Después de aquello, era difícil concentrarse en la comida, pero hice todo lo posible. Matthew me acercó una silla con asiento de paja desde la que podía ver toda aquella hermosa y cálida habitación. De un minúsculo frigorífico sacó dos platos, con seis ostras frescas en cada uno, colocadas sobre un lecho de hielo picado como los rayos de una estrella.
—La primera lección con la que continuamos tu educación consta de ostras y champán. — Matthew se sentó y alzó un dedo como un profesor a punto de embarcarse en su tema favorito. Se aprestó a servir el vino, que estaba al alcance de su largo brazo, y lo sacó de la cubitera. Con una sola vuelta sacó rápidamente el corcho de la botella.
—Por lo general eso a mí me resulta más difícil —comenté secamente, mirando sus dedos fuertes y elegantes.
—Puedo enseñarte a sacar el corcho con una espada, si quieres. —Matthew sonrió—. Por supuesto, también sirve un cuchillo, si no tienes una espada a mano. —Sirvió un poco de aquel líquido en nuestras copas, donde burbujeó y bailó a la luz de vela.
Levantó su copa hacia mí.
—À la tienne.
—À la tienne. —Levanté mi copa aflautada y observé las burbujas que se rompían en la superficie—. ¿Por qué son tan pequeñas las burbujas?
—Porque el vino tiene mucho años.
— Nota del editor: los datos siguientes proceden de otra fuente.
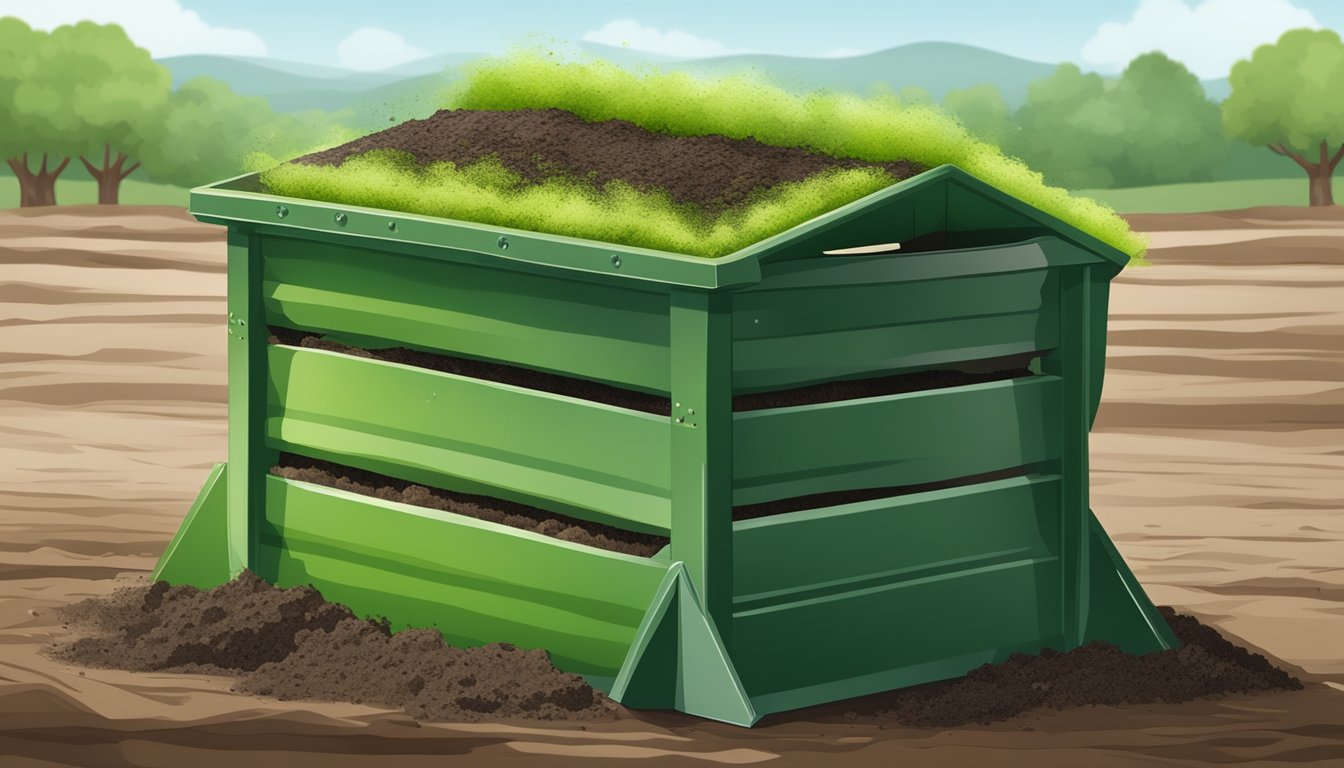 A compost bin filled with layers of green algae, brown organic matter, and soil, with aeration holes and a lid for managing the composting process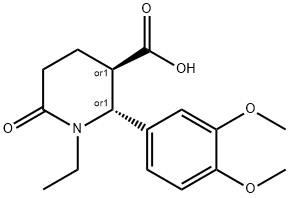 (2R,3R)-2-(3,4-DIMETHOXYPHENYL)-1-ETHYL-6-OXOPIPERIDINE-3-CARBOXYLIC ACID Struktur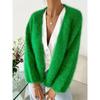 Cardigan in Maglia da Donna S Scollo a V Vestibilità Larga Maglione Color Block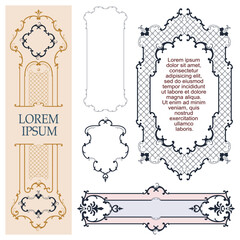 Luxury vector frame in ancient style for flyer, invitations or greeting cards.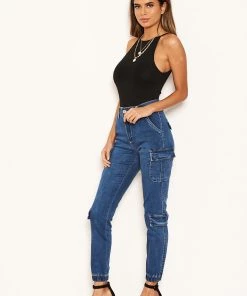 AX Paris Blue Combat Style Jeans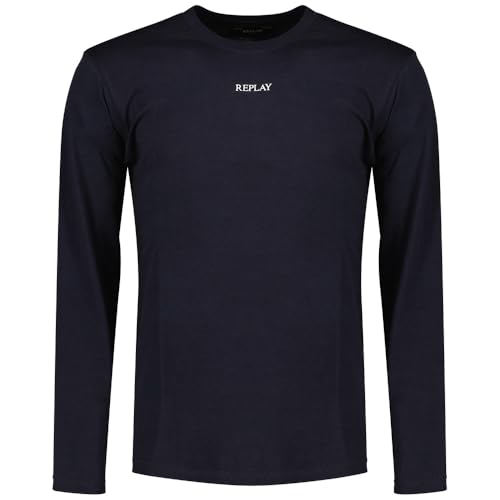 Replay Herren Langarmshirt mit Rundhalsausschnitt, Blau (Night Blue 067), L von Replay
La mayor parte del champán se bebe mucho antes de eso. Pero me gusta el vino añejo…, me recuerda el gusto que tenía antes el champán.
—¿Cuántos años tiene?
—Es mayor que tú —respondió Matthew. Estaba abriendo las conchas de las ostras sólo con sus manos…, algo que generalmente requería un cuchillo muy afilado y mucha destreza… Dejaba las conchas en un tazón de cristal en el centro de la mesa. Me alcanzó un plato—. Es de 1961.
—Por favor, dime que esto es lo más antiguo que vamos a beber esta noche —dije, volviendo a recordar el vino que había llevado para la cena del jueves, cuya botella contenía en ese momento la última de sus rosas blancas en mi mesilla de noche.
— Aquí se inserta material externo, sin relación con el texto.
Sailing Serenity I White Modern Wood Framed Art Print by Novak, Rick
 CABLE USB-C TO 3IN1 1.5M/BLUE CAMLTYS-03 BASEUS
—De ninguna manera —dijo con una gran sonrisa.
Puse el contenido de la primera concha en mi boca. Abrí los ojos desmesuradamente mientras mi boca se llenaba con el sabor del Atlántico.
—Ahora bebe. —Cogió su propia copa y observó cómo yo tomaba un sorbo del dorado líquido—. ¿Qué sabor percibes?
La cremosidad del vino y las ostras chocó con el sabor de la sal marina de una manera que era absolutamente maravillosa.
—Es como si todo el océano estuviera en mi boca —contesté, y tomé otro sorbo.
Terminamos las ostras y seguimos con una gran ensalada. Contenía diferentes clases de verduras caras conocidas por la humanidad, frutos secos, frutas del bosque y un delicioso aliño hecho con vinagre de champán y aceite de oliva que Matthew mezcló en la mesa. Las diminutas tajadas de carne que la adornaban eran perdices de los terrenos del Viejo Pabellón. Bebimos lo que Matthew llamó mi «vino de cumpleaños», que olía a cera para el suelo con perfume de limón y humo, y tenía el sabor del yeso con jarabe de caramelo.
El plato siguiente era un estofado, con trozos de carne en una salsa fragante. Mi primer bocado me indicó que se trataba de ternera, preparada con manzanas y un poco de nata, todo servido sobre arroz. Matthew me observó comer y sonrió cuando probé la acidez de la manzana por primera vez.
—Es una vieja receta de Normandía —explicó—. ¿Te gusta?